Pope's butler convicted, gets 18-month sentence

VATICAN CITY The pope's butler was convicted Saturday of stealing the pontiff's private documents and leaking them to a journalist, and was sentenced to 18 months in prison.

Judge Giuseppe Dalla Torre read the verdict aloud two hours after the three-judge panel began deliberating Paolo Gabriele's fate.

The sentence was reduced to 18 months from three years because of a series of mitigating circumstances, including that Gabriele had no previous record, had worked for years for the Holy See, acknowledged that he had betrayed the pope and was convinced, "albeit erroneously." that he was doing the right thing, Dalla Torre said.

Gabriele was accused of stealing the pope's private correspondence and passing it on to journalist Gianluigi Nuzzi, whose book revealed the intrigue, petty infighting and allegations of corruption and homosexual liaisons that plague the leadership of the Roman Catholic Church.

In his final appeal to the court Saturday morning, Gabriele insisted, "I don't feel like a thief," and said he leaked the pope's private correspondence out of a "visceral love" for the church and the pope.

He has said he felt the pope wasn't being informed of the "evil and corruption" in the Vatican, and that exposing the problems would put the church back on the right track.

Gabriele's attorney, Cristiana Arru, said the sentence was "good, balanced" and said she was awaiting the judges' written reasoning before deciding whether to appeal.

Nuzzi's book, "His Holiness: Pope Benedict XVI's Secret Papers" convulsed the Vatican for months and prompted an unprecedented response, with the pope naming a commission of cardinals to investigate the origin of the leaks alongside Vatican magistrates.

Arru said Gabriele would return to his Vatican City apartment to begin serving his sentence. He has been held on house arrest there since July after spending his first two months in a Vatican detention room.

Gabriele was also ordered to pay court costs.

A papal pardon is widely expected, though it's not known when it might be granted.

In her closing arguments, Arru insisted that only photocopies, not original documents, were taken from the Apostolic Palace, disputing testimony from the pope's secretary who said he saw original letters in the evidence seized from Gabriele's home.

She admitted Gabriele's gesture was "condemnable" but said it was a misappropriation of documents, not theft, and that as a result Gabriele should serve no time for the lesser crime.

CBS News correspondent Allen Pizzey points out the verdict was a foregone conclusion: Gabriele confessed when he was caught.

The unanswered question is whether or not he really acted alone.

During his testimony, Gabriele insisted he had no accomplices. But in a statement to Vatican police, he named half a dozen people, including priests and cardinals, whom he said "suggested" he leak documents to Nuzzi.

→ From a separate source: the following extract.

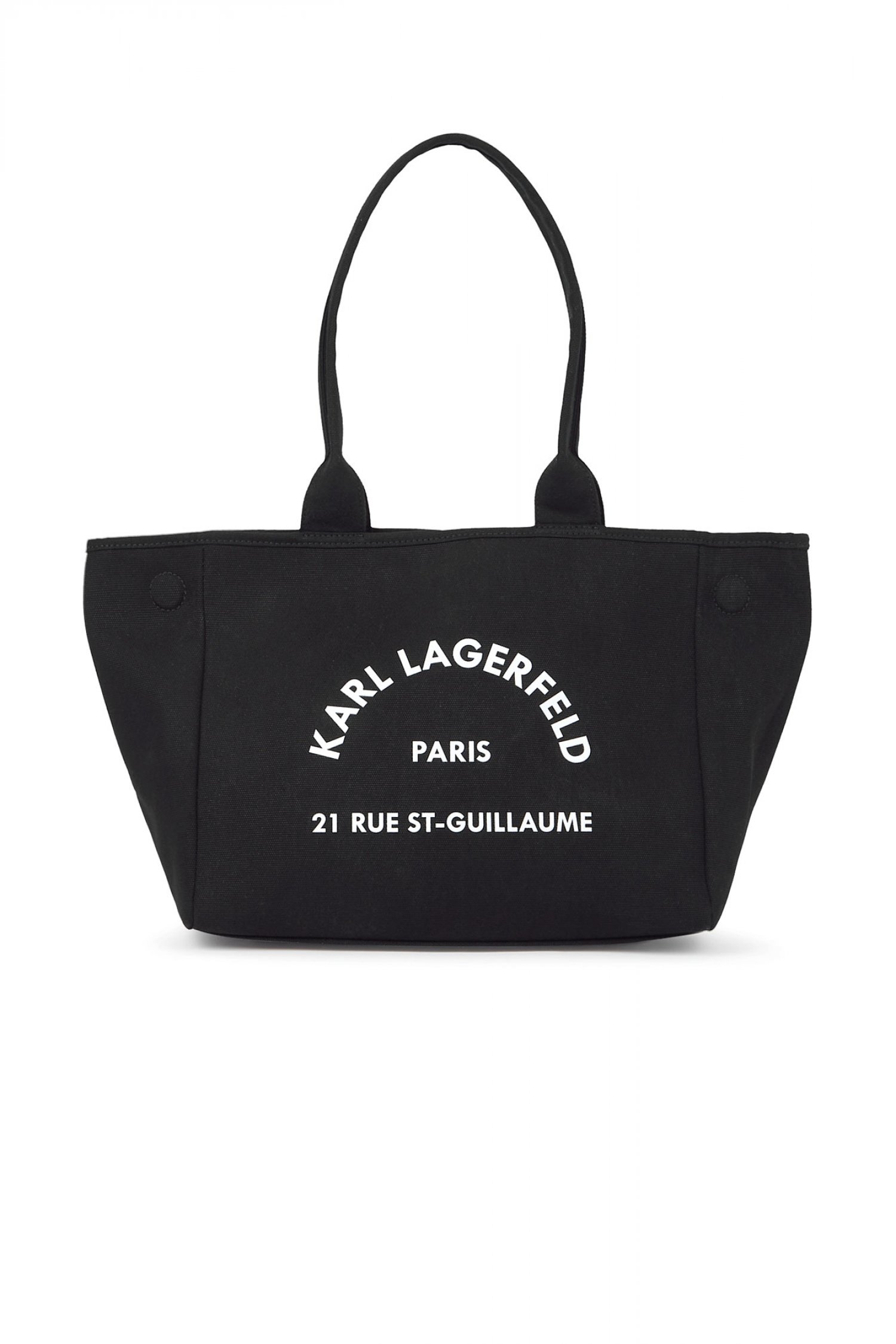 KARL LAGERFELD ΤΣΑΝΤΑ ΩΜΟΥ K/RSG CONVERTIBLE TRAPEZE TOTE LOGO ΜΑΥΡΟ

The leaks shed a light into the usually secret inner workings of the Vatican and, says Pizzey, the hope seems to be that Gabriele's trial will turn off the spotlight.

Senior Vatican Communications Adviser Greg Burke told CBS News, "The importance of this trial has been that the Vatican is showing that it's taking a serious breach of trust, a serious crime if you will; it's taking it very seriously. I think in the past, there's often been the idea that anybody could get away with anything. That's clearly not the case."

Gabriele has expressed an abject apology to Benedict for having betrayed his trust.